> YOUR GOAL
The whole listing, apart from its images, should be restated word for word.

> DATA SHOWN
##############################

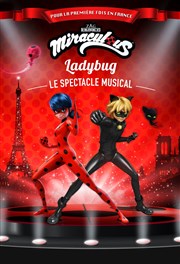 Miraculous Le Dme de Paris - Palais des sports Affiche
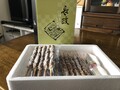 上品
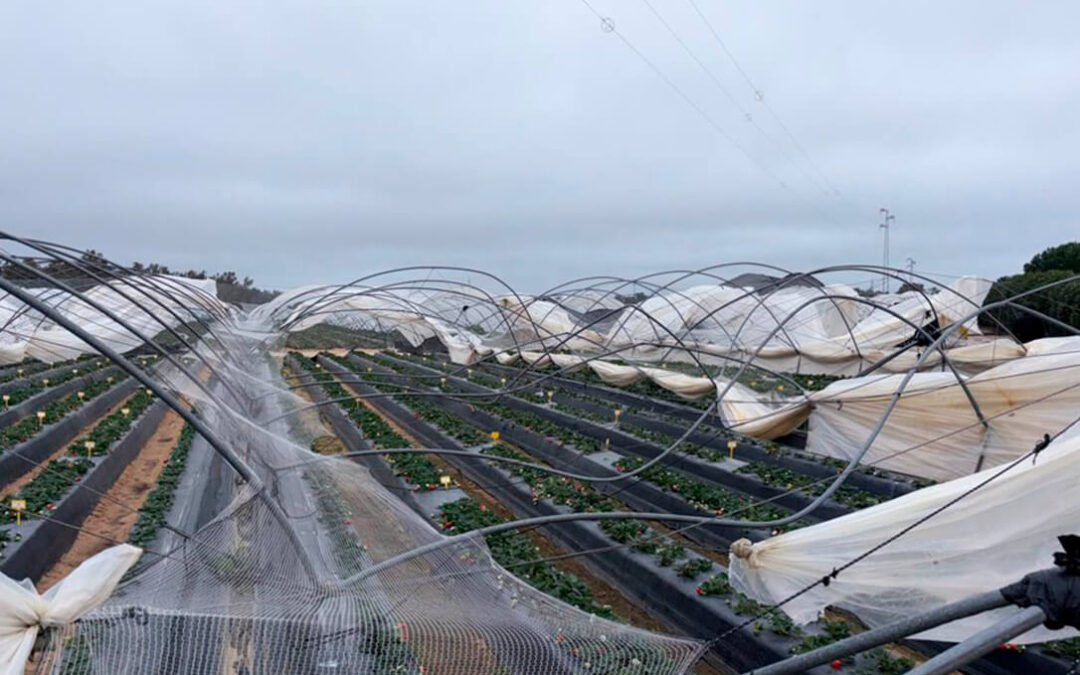 El tren de borrascas de estas semanas podría elevar hasta las 40.000 hectáreas la superficie dañada en explotaciones agrícolas aseguradas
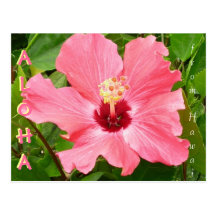 Hibiscus in Hawaii Pink Coral Colour Postcard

##############################

> SOLUTION TO THIS PROBLEM
 Miraculous Le Dme de Paris - Palais des sports Affiche
 上品
 El tren de borrascas de estas semanas podría elevar hasta las 40.000 hectáreas la superficie dañada en explotaciones agrícolas aseguradas
 Hibiscus in Hawaii Pink Coral Colour Postcard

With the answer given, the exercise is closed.